From the archives: MCF Annual Dinner 2000

From the archives: MCF Annual Dinner 2000

By MCF_Admin

East Timor Reflections

This article found on an old version of the MCF website was written by then Captain (now LTCOL) Phil McMaster who now heads up the Australian Navigators Military Ministry.  

At 3am on 20 Sept 99 a Jumbo aircraft took off from Townsville airport to fly to a Darwin staging area. Over the next few days elements of the ADF were inserted into East Timor. The one and a half hour C130 flight seemed to take forever. I remember flying over the middle of East Timor then out to sea, taking a sharp bank and then we thudded down onto DILI airport. Waiting for a vehicle also in the cargo bay to back down onto the tarmac seemed like an eternity. Finally out on ground with helmet, marching order, combat body armour and rifle. It seemed like an effort to move a 100 m but at the same time the adrenalin was pumping hard. All I could see was TNI soldiers all around, where were the Australians, at last some British gurkhas. It was a difficult night’s sleep, uneasy, the most pumped up I had ever been. The air was thick with smoke, and there was a burnt smell. Looking into to the hills with night vision all you could see were the small fires of those that had fled following the independence vote. The following day driving through the streets it felt empty, few buildings were left standing, the only people on the streets looked sinister and distrustful. One thing was certain: we needed to be in this country. This was the beginning of a four and a half month tour.

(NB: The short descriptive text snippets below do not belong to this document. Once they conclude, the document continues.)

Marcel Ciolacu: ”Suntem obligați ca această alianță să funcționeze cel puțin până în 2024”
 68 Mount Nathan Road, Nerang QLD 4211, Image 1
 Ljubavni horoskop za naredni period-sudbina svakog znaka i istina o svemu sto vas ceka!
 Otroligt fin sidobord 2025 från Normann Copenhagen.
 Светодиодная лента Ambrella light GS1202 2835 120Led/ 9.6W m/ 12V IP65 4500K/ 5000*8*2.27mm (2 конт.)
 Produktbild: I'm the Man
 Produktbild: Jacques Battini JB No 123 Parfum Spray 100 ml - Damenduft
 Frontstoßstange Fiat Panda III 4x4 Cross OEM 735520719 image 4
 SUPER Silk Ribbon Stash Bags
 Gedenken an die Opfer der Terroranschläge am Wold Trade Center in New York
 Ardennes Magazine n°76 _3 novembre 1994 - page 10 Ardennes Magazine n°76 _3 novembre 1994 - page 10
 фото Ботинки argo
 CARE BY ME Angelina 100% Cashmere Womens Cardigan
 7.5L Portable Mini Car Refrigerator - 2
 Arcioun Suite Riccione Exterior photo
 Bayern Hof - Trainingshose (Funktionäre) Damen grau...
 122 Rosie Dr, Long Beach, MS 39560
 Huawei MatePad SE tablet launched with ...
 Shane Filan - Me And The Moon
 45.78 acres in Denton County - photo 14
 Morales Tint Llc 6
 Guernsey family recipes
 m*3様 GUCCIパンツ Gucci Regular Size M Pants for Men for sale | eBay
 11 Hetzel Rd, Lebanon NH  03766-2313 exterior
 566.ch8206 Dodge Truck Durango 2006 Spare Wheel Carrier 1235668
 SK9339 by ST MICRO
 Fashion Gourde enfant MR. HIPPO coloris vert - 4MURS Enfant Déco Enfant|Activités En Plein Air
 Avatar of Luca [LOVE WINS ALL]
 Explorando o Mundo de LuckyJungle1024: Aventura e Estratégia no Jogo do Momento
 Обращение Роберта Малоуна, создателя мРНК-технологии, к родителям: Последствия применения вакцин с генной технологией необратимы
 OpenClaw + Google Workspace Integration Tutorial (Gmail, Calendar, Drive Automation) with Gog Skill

I was just one of many peacekeepers who went into EM in on day 2 of OP Warden. I stayed for 4 and a half months and then left. There have been lots of people go into EM since I came out, many of them faced different experiences, the place has changed a lot, and many of them have stayed a lot longer than I have.

Making mistakes (All have sinned)

I have got to be up front with you about my time in EM. It was the busiest and most under pressure that I have been so far in my military career. I reckon that 4 and a half months over there on operations was worth a great deal of experience in the ADF. Being under pressure and stressed probably does cause you to make mistakes that may be out of character. Those of you who have done some sort of leadership challenge, survival course or the like can attest to this. I would like to take you through one of the professional mistakes that I made while on operations.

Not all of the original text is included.